→ WHAT YOU SHOULD DO: Below are some records. Retype exactly the lines from the one containing "Dr. Oetker Gelierzucker" through the one containing "亚健康人与中年人的健康保健与护理-亚健康人与中年人的健康保健与护理_第5页", both included, skipping every picture.

→ THE DATA:
►
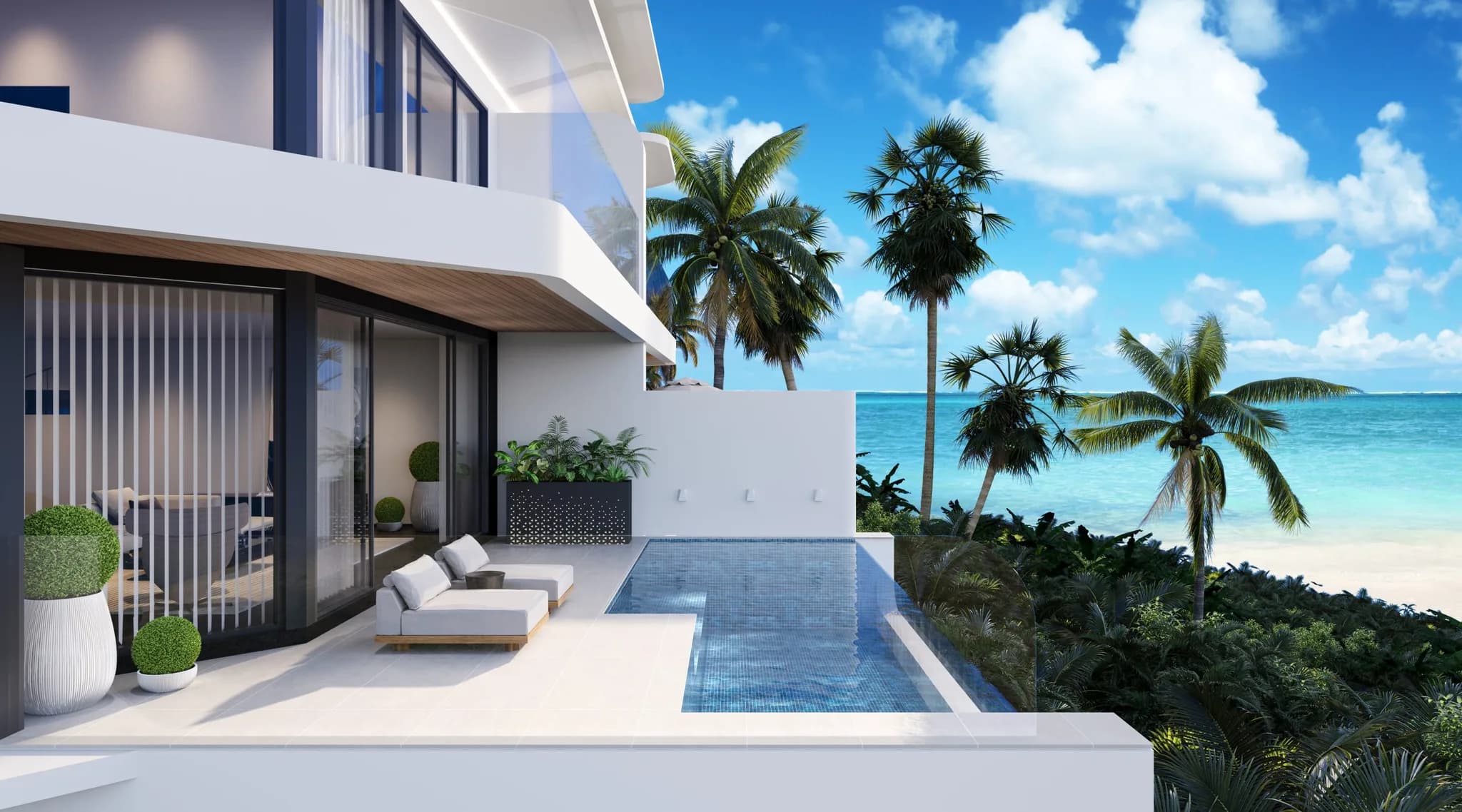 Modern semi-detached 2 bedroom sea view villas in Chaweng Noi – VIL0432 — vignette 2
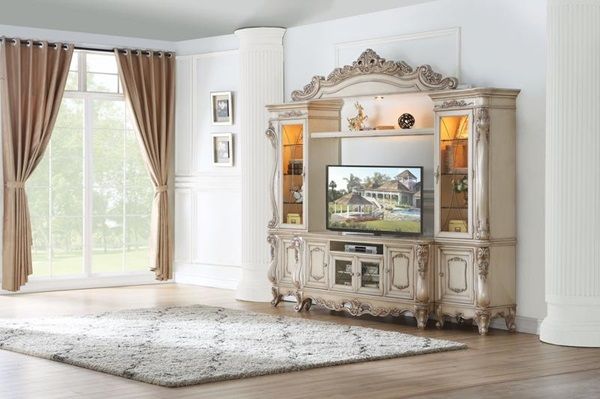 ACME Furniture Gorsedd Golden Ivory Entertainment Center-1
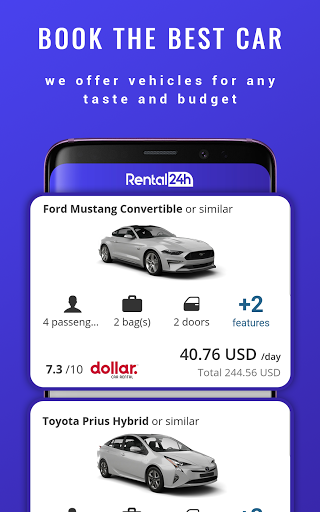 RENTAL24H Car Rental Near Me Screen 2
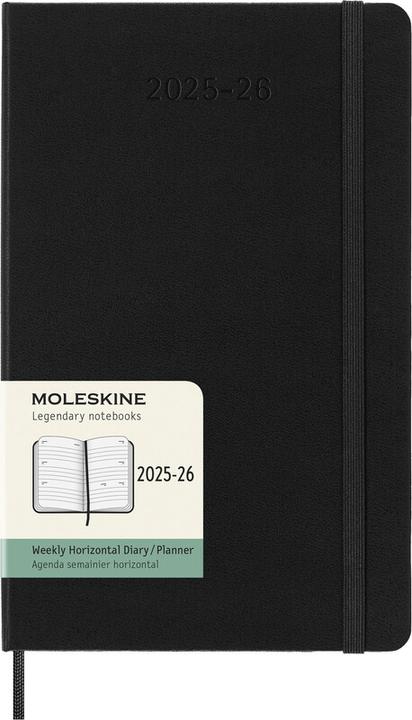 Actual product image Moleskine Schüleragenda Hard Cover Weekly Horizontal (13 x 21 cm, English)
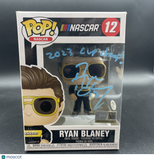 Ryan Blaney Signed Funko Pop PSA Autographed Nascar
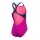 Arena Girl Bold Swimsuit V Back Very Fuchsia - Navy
◄
►
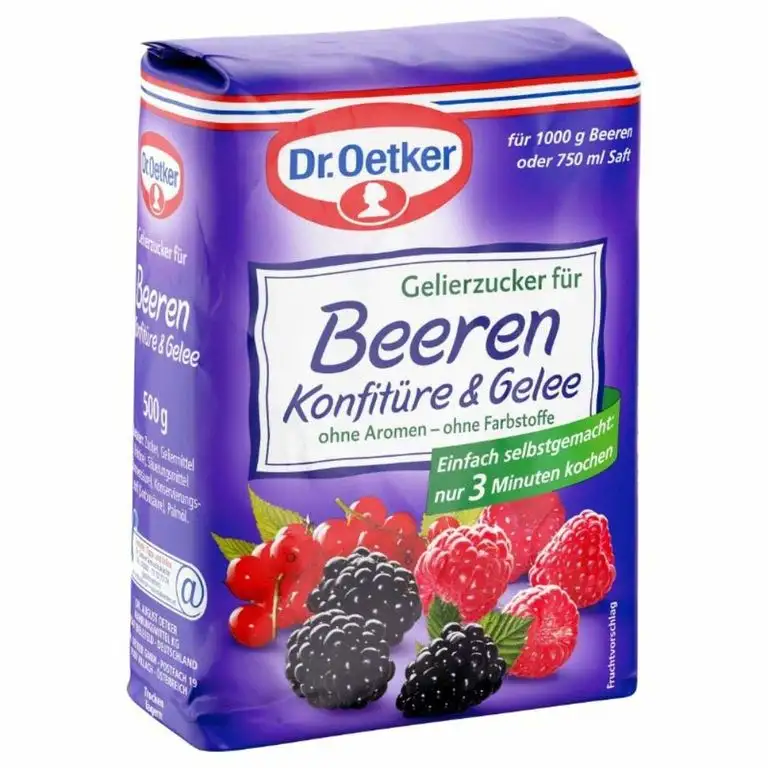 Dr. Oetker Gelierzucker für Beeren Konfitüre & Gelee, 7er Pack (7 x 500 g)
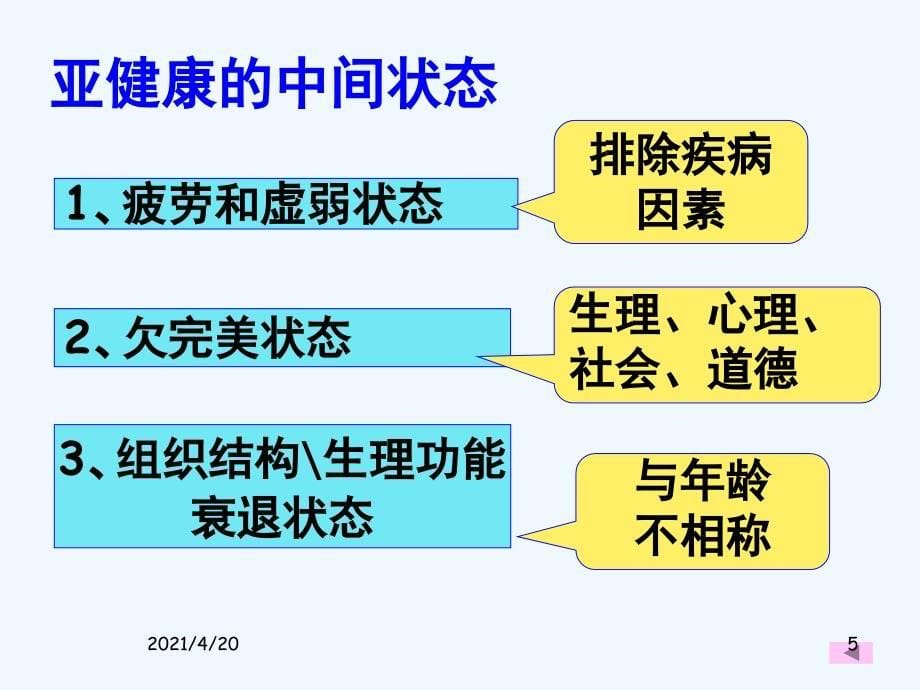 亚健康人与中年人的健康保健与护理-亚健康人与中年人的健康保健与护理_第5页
◄
→ SOLUTION BELOW:
 Dr. Oetker Gelierzucker für Beeren Konfitüre & Gelee, 7er Pack (7 x 500 g)
 亚健康人与中年人的健康保健与护理-亚健康人与中年人的健康保健与护理_第5页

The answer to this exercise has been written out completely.